You’ll learn how Tubby builds bias with fundamentals, times entries using simple technicals (think daily pivots and clean levels), and manages risk with pre-planned exits, staggered fills, and 2:1 minimum R multiples. He explains why many traders struggle (wrong asset class, scalp-and-hope habits), what “discipline by design” looks like from market-making days, and how to pick instruments that match your personality and pace (FX vs. indices vs. commodities). Expect practical insights on stop placement, trailing protection, scaling out, and reading those “long candle → vacuum back to origin” moves—tactics you can apply on your very next trade.

Chris Tubby Playbook & Strategy: How He Actually Trades

How he frames the job (principles that drive every decision)

Chris Tubby treats trading like a business: keep it simple, define risk in advance, and focus on instruments that suit your pace. He learned this edge as a pit trader, market maker, and later trading his own capital, where “protect capital first, then make money” became a rule, not a slogan.

  • Write a one-page plan with two parts: financials (max drawdown %, daily loss stop, weekly stop, size ladder) and process (setups, time windows, review).
  • Keep setups simple and repeatable; if it needs a paragraph to explain, it’s too complex.
  • Priority order each day: risk limits → bias → setup → execution. If anyone is missing, you don’t trade.
  • Default risk: 0.25–0.5R per position until you’ve logged 30+ trades with positive expectancy in that setup.

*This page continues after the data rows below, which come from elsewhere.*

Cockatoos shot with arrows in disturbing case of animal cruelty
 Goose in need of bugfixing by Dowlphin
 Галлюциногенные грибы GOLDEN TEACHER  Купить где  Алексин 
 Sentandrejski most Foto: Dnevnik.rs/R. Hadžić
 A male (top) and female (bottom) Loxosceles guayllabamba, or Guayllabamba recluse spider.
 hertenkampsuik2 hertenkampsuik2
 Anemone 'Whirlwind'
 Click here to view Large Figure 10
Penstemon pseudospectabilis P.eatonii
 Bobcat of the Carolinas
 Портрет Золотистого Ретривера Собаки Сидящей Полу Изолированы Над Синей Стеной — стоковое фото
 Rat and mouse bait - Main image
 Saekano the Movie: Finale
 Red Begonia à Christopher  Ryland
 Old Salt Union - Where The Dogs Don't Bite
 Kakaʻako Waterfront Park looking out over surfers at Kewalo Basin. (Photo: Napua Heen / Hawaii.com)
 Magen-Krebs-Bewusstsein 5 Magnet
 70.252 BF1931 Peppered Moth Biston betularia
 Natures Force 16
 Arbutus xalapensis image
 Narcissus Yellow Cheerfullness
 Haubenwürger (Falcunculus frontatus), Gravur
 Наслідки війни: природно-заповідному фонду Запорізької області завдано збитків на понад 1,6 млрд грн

Instruments & session selection (trade what fits your personality)

He moved through commodities, indices, FX, and options—and emphasizes matching the instrument’s tempo to yours. If you prefer fewer, cleaner rotations, pick major FX or index futures; if you like flow and mean-reversion, short-dated spreads may fit.

  • Choose one primary market + one backup (e.g., GBP/USD and S&P futures). No third chart until you’re green for the week.
  • Trade your market’s most liquid hours; if you’re a “morning operator,” confine risk to the first 2–3 hours.
  • If volatility is dead, stand down or switch to your backup session—edge relies on movement, not screen time.
  • Keep a volatility gate (e.g., ATR(14) above its 6-month median) before allowing full size.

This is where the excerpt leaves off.